[Action item]: Please copy exactly the part of the records below that opens with the line containing "a large swimming" and closes with the line containing "Dining room with", leaving out any pictures.

Brief descriptive captions:

== Segment start ==

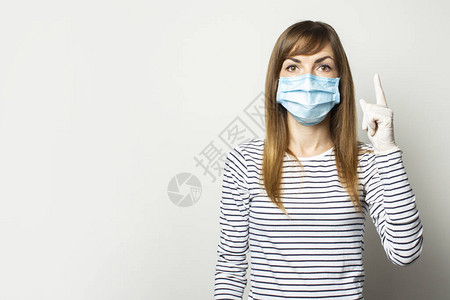 戴着防护医用口罩和乳胶手套的年轻女子将手指向一个明亮的孤立背景图片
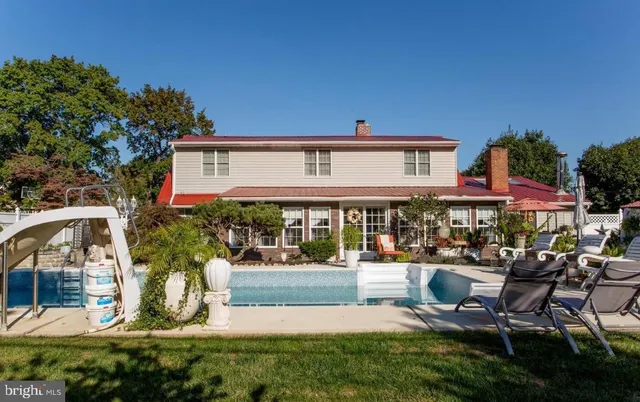 a front view of a house with garden and sitting area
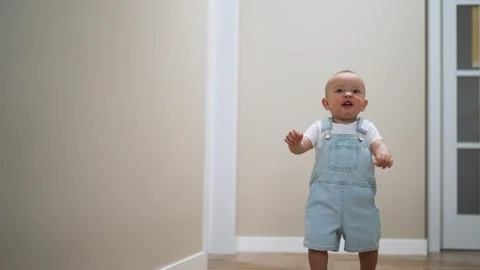 First steps. baby takes first steps at home on the floor. Child learns to walk Stock Footage 255239141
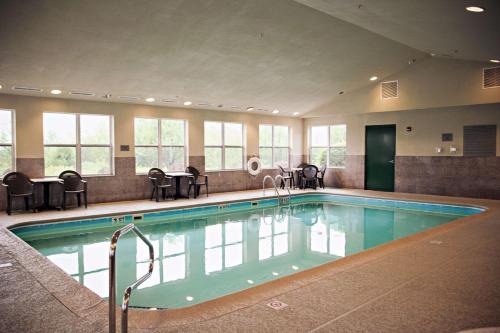 a large swimming pool with chairs and a table at Country Inn & Suites by Radisson, Frackville (Pottsville), PA in Mount Pleasant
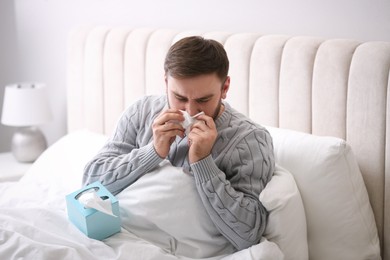 Young man suffering from runny nose in bed indoors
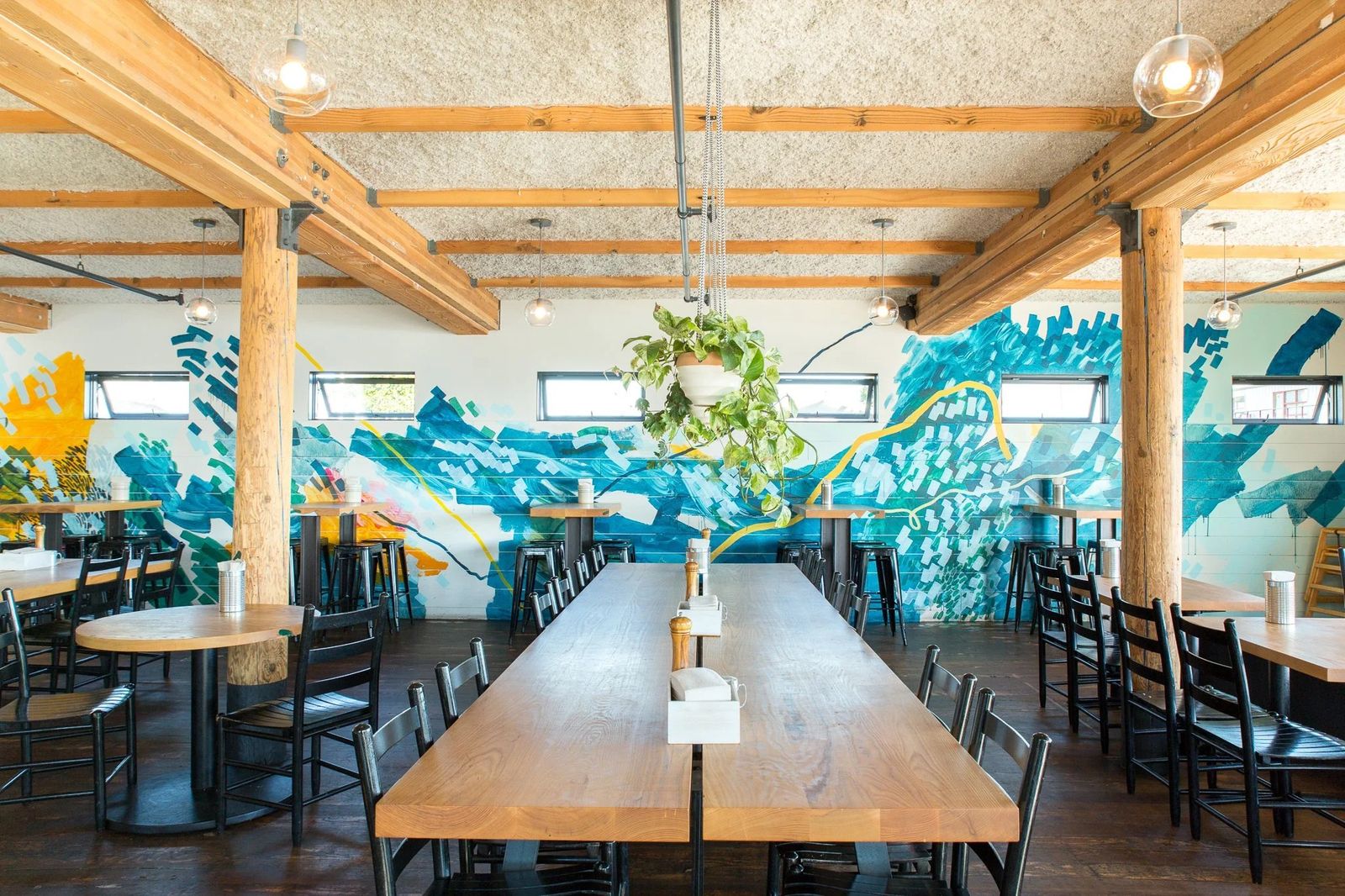 Dining room with long wooden tables, exposed beams and a blue wave mural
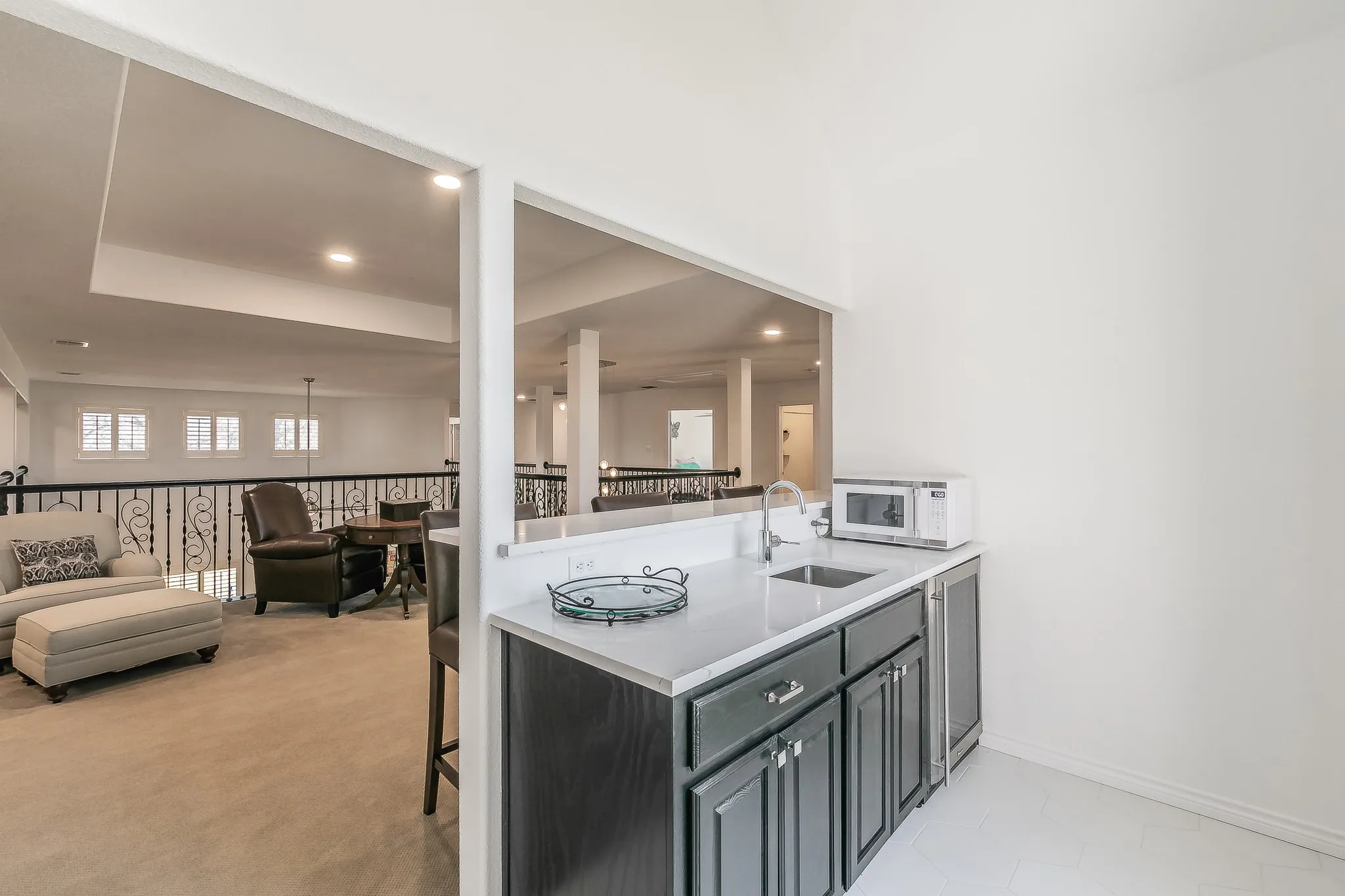 Kitchen featuring light countertops, white microwave, open floor plan, and a sink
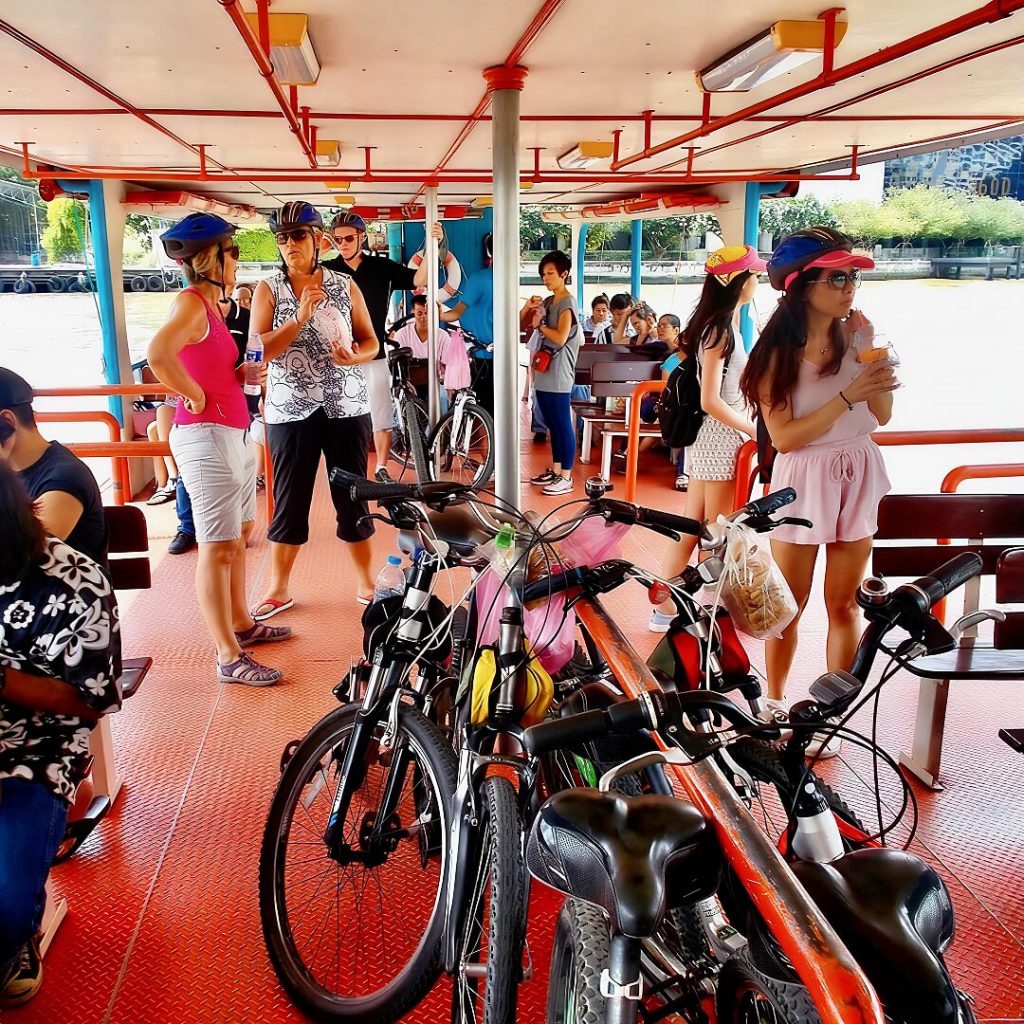 Guests standing with their bicycles on a river ferry crossing the Chao Phraya River in Bangkok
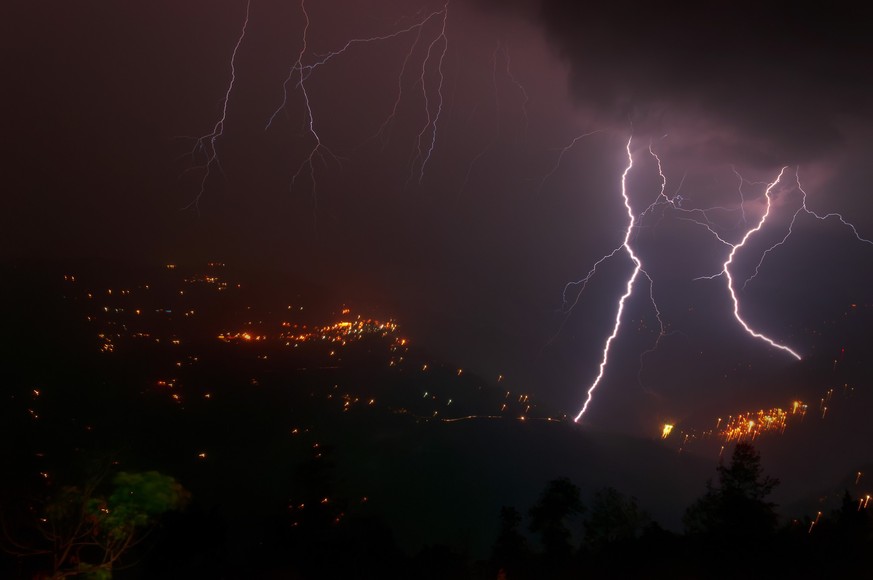 Night image of Sikkim, India. Himalayan mountains in the background. Model Released Property Released xkwx india village natural glow bright cold mountain peak indian mountains view beautiful dark sky ...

== Segment end ==

[Result of the task]:
 a large swimming pool with chairs and a table at Country Inn & Suites by Radisson, Frackville (Pottsville), PA in Mount Pleasant
 Young man suffering from runny nose in bed indoors
 Dining room with long wooden tables, exposed beams and a blue wave mural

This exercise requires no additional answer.